§ **Exercise material**:
====
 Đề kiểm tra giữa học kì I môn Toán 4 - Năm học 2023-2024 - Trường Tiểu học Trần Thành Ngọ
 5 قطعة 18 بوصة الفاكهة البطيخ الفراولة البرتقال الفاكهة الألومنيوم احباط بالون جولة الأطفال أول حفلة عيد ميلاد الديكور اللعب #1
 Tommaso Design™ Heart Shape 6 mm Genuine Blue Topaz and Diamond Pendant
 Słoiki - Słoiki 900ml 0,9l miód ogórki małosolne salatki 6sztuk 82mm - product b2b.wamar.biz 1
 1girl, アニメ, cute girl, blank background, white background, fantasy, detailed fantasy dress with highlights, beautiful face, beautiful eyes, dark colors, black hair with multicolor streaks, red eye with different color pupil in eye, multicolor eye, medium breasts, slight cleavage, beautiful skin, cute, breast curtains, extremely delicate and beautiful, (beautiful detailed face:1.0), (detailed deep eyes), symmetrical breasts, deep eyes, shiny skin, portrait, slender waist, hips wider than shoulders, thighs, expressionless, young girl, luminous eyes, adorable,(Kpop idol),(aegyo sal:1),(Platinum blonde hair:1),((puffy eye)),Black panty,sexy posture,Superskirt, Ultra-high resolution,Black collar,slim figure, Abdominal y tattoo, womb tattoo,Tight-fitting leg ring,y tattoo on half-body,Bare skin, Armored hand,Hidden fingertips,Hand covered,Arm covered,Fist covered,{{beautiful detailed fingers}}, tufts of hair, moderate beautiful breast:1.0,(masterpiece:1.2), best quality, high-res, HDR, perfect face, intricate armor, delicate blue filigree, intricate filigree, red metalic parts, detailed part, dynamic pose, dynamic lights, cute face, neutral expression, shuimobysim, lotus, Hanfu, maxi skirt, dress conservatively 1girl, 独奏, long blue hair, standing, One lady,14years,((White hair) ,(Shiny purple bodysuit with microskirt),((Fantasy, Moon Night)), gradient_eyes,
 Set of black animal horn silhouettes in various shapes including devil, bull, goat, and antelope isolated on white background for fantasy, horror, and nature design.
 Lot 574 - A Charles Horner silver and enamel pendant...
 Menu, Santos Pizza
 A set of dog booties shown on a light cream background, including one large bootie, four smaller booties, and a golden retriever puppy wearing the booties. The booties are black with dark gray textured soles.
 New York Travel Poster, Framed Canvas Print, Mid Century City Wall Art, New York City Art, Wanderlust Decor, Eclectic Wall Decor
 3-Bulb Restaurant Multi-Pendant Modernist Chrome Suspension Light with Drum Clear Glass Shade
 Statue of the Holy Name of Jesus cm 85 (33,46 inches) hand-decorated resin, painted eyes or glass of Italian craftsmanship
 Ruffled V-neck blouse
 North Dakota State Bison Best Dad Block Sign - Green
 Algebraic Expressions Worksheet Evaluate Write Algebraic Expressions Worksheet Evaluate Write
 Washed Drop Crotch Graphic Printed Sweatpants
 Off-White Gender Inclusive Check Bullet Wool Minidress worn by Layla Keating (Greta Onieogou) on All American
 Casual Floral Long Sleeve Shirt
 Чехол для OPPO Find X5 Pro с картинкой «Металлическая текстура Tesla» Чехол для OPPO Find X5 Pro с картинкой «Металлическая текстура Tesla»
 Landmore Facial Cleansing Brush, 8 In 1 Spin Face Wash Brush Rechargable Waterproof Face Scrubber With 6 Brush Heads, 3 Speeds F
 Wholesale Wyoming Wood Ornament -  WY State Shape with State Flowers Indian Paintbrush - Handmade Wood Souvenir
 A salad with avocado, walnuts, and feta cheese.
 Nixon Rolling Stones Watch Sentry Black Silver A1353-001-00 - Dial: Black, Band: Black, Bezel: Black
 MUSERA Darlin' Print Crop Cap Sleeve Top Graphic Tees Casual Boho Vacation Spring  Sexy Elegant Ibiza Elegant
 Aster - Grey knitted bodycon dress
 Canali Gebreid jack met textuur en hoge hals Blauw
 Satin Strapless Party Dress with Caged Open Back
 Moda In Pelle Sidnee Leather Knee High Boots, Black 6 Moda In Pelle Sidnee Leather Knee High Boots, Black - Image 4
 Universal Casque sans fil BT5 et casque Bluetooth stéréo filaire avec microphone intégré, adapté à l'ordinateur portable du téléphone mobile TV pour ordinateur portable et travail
====
§ **Problem description**: Where a line above includes "Graphic", copy that line.

§ **Answer section**:
 Washed Drop Crotch Graphic Printed Sweatpants
 MUSERA Darlin' Print Crop Cap Sleeve Top Graphic Tees Casual Boho Vacation Spring  Sexy Elegant Ibiza Elegant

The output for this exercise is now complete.